Harvard Pilgrim Health Care and Tufts Health Plan Announce Plans to Merge

This August, Harvard Pilgrim Health Care and Tufts Health Plan announced their plans to merge. If the merger goes through, it will form one of the largest nonprofit health service organizations in New England. The move will impact around 2.4 million people in Massachusetts, Maine, Connecticut, New Hampshire, and Rhode Island. 

Currently, the proposed merger is under review by the office of Massachusetts governor, Charlie Baker. Attorney General Maura Healey will also play a role in reviewing the plan for the merger. It’s also likely that federal regulators will become involved in the deal.

If approved, the merged organization will offer employer-sponsored health plans, Medicare and Medicaid plans, and plans for people who are dually eligible for Medicare and Medicaid. The new organization does not yet have a name.

Tufts and Harvard Pilgrim are two of the largest payers in Massachusetts, aside from Blue Cross and Blue Shield of Massachusetts. The proposed merger would enable them to exert more leverage over the state’s healthcare system and better compete with both Blue Cross and national health plans.

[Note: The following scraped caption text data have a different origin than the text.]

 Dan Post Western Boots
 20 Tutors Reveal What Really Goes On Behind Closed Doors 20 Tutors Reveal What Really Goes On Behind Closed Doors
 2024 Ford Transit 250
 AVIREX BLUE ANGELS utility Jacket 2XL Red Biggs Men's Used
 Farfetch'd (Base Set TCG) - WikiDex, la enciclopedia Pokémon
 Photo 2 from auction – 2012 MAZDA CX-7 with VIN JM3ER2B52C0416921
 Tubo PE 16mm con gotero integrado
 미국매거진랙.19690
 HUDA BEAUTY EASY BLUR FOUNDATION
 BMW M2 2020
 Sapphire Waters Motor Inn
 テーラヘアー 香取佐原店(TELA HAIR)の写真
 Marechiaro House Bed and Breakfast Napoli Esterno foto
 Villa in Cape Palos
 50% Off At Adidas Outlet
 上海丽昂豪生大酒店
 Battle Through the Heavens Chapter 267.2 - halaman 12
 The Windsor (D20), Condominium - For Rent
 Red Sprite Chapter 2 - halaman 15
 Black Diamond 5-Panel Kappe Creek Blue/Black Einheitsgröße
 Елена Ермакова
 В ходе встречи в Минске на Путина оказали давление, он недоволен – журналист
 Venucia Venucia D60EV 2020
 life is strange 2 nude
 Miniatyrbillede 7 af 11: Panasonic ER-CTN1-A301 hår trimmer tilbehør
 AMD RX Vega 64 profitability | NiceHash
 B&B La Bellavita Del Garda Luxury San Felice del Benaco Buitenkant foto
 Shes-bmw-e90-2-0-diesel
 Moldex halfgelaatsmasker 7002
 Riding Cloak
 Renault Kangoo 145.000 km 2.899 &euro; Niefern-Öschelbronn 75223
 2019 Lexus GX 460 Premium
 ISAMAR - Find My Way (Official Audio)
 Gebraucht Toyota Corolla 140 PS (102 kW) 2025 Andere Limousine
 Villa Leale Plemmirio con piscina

In recent years, Harvard Pilgrim has seen a decline in membership, while the number of Tufts enrollees has increased slightly. A merger between the organizations was proposed in 2011, but leaders determined that it wouldn’t be advantageous at that time.

While the Harvard Pilgrim-Tufts merger is an example of a horizontal merger, some experts believe it could set the groundwork for a vertical merger in the future.

UnityPoint Health and Sanford Health of South Dakota Announce Intent to Merge

UnityPoint Health announced in June that the organization intends to explore a merger with Sanford Health of South Dakota. UnityPoint, based in DesMoines, Iowa, has 32 hospitals and 280 clinics across Iowa, Illinois, and Wisconsin. Sanford Health is based in Sioux Falls, South Dakota. It holds 44 hospitals and more than 200 senior care clinics in 26 states. 

If the merger were to go through, the combined system would have an annual operating revenue exceeding $11 billion. The system would be among the fifteen largest nonprofit health systems in the U.S. The proposed merger needs to be reviewed by the Federal Trade Commission (FTC) and approved by the systems’ boards.

The organizations have stated that they plan to form a unified governing board while also enabling the medical groups to continue existing operations and relationships. The proposed merger is part of a larger trend towards the consolidation of hospital systems and provider networks.

Health Alliance Plan Will Acquire Trusted HP-Michigan

Health Alliance Plan, a Detroit-based managed care company, will acquire Trusted HP-Michigan, a Medicaid plan. Currently, HP-Michigan has around 9,000 enrollees in Wayne County.

Trusted HP-Michigan has been losing money in recent years. In 2018, it reported a net loss of $3.6 million on revenues of $26.9 million. The plan, which was originally the Harbor Health Plan, was sold to Trusted Health Care early in 2017.

For Health Alliance Plan, the acquisition will enable them to serve Medicaid enrollees in Detroit. Although HAP currently offers Medicaid plans, they are outside of Wayne County. Currently, HAP only serves dual Medicaid/Medicare enrollees in the county. HAP lost much of its Medicaid business in 2015 when the state reduced the number of Medicaid plans.

HAP is the health plan subsidiary of the Henry Ford Health System. It currently serves 570,000 beneficiaries across Michigan. The acquisition demonstrates that many large payers are eager to expand Medicaid offerings.

Much about the future of the American health industry remains uncertain, but it is clear that the trend towards M&As isn’t going away any time soon.